Clean Tech

From grey to green: In search of a resolve of steel

Preeti Mehra | Updated on February 12, 2020

How India can move towards a low-carbon steel sector

India’s steel demand is roughly projected to growfrom around 94 million tonnes (Mt) to 489 Mt, between now and 2050, in the latest research released on the sector.

The report, “Towards a Low Carbon Steel Sector: Overview of the Changing Market, Technology, and Policy Context for Indian Steel” on how we can achieve a zero-carbon steel scenario says that unlike many developed countries, even in 2050, India will not attain saturation point and will continue to feed on the commodity.

This clearly means that for the country to grow the economy and per capita GDP, where iron and steel play an important role, and at the same time keep its international commitment to help limit global warming to 2 degrees C, it needs to keep a keen focus on reducing the impact of this energy and resource-intensive industry on the environment.

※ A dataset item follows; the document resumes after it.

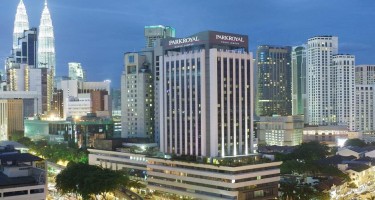 هتل PARKROYAL کوالالامپور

Besides, if the country embraces technologies and methods to produce low-carbon steel in a significant way, it could also ensure a more robust export scenario in the future, especially to the European Union where a lot of Indian steel exports are headed. Currently, the European Union is actively considering the policy of carbon border adjustments, where it will assess the amount of carbon in a product and impose a carbon tax to ensure a level playing field for its domestic producers.

Three pillars

The report, brought out by Shakti Sustainable Energy Foundation (SSEF), The Energy and Resources Institute (TERI) and the Energy Transitions Commissions (ETC), and one of the first of its kind, outlines the three key pillars of the pathway towards zero-carbon steel. These, if acted upon, would be beneficial for India to both grow the economy and participate in the global effort towards climate mitigation.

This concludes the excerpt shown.